[WHAT THIS TASK INVOLVES]: Reproduce exactly the lines below from the one containing "Un bâtiment sur" through the one containing "Bedroom with white", including both, and nothing else.

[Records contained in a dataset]

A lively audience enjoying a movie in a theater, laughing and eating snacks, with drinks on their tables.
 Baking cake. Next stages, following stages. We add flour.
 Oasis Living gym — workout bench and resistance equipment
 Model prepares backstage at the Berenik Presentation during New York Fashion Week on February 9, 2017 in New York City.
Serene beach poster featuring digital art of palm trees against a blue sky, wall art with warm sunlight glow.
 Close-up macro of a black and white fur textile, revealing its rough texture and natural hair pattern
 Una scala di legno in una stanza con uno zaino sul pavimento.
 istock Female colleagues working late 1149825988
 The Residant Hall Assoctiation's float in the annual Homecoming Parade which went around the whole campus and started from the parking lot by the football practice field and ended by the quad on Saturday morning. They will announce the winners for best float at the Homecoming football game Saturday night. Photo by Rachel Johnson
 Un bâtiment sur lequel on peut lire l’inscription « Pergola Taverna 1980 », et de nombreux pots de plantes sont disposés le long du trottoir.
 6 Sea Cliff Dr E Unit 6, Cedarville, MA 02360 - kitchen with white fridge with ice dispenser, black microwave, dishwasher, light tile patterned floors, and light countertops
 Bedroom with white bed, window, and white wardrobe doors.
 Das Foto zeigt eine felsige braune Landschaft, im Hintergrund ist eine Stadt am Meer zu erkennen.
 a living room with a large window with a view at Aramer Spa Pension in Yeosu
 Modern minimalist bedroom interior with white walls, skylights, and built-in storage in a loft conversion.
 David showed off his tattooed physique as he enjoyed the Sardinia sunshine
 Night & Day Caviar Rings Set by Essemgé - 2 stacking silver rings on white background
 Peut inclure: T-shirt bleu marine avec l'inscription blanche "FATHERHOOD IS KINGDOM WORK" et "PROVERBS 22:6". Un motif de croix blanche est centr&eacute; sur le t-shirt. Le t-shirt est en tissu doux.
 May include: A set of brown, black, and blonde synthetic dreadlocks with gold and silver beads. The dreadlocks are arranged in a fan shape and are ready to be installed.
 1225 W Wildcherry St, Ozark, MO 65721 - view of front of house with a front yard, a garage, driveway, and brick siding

[SOLVED PROBLEM]:
 Un bâtiment sur lequel on peut lire l’inscription « Pergola Taverna 1980 », et de nombreux pots de plantes sont disposés le long du trottoir.
 6 Sea Cliff Dr E Unit 6, Cedarville, MA 02360 - kitchen with white fridge with ice dispenser, black microwave, dishwasher, light tile patterned floors, and light countertops
 Bedroom with white bed, window, and white wardrobe doors.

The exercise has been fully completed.